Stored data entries
+++++

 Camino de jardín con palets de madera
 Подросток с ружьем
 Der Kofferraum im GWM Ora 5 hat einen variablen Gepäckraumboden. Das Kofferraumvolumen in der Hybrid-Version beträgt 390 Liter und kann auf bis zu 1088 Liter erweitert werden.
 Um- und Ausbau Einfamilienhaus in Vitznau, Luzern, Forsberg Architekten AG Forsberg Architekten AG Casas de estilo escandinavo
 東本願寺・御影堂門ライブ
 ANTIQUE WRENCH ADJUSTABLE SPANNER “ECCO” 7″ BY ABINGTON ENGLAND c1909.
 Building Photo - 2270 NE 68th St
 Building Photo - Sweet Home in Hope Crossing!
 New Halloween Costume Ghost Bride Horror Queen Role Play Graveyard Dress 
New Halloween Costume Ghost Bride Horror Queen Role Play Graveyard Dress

+++++

» **Activity**
Copy the lines above exactly, beginning at the line that has "Подросток с ружьем" and stopping after the line that has "Um- und Ausbau", and omit the rest.

» **Reply**
 Подросток с ружьем
 Der Kofferraum im GWM Ora 5 hat einen variablen Gepäckraumboden. Das Kofferraumvolumen in der Hybrid-Version beträgt 390 Liter und kann auf bis zu 1088 Liter erweitert werden.
 Um- und Ausbau Einfamilienhaus in Vitznau, Luzern, Forsberg Architekten AG Forsberg Architekten AG Casas de estilo escandinavo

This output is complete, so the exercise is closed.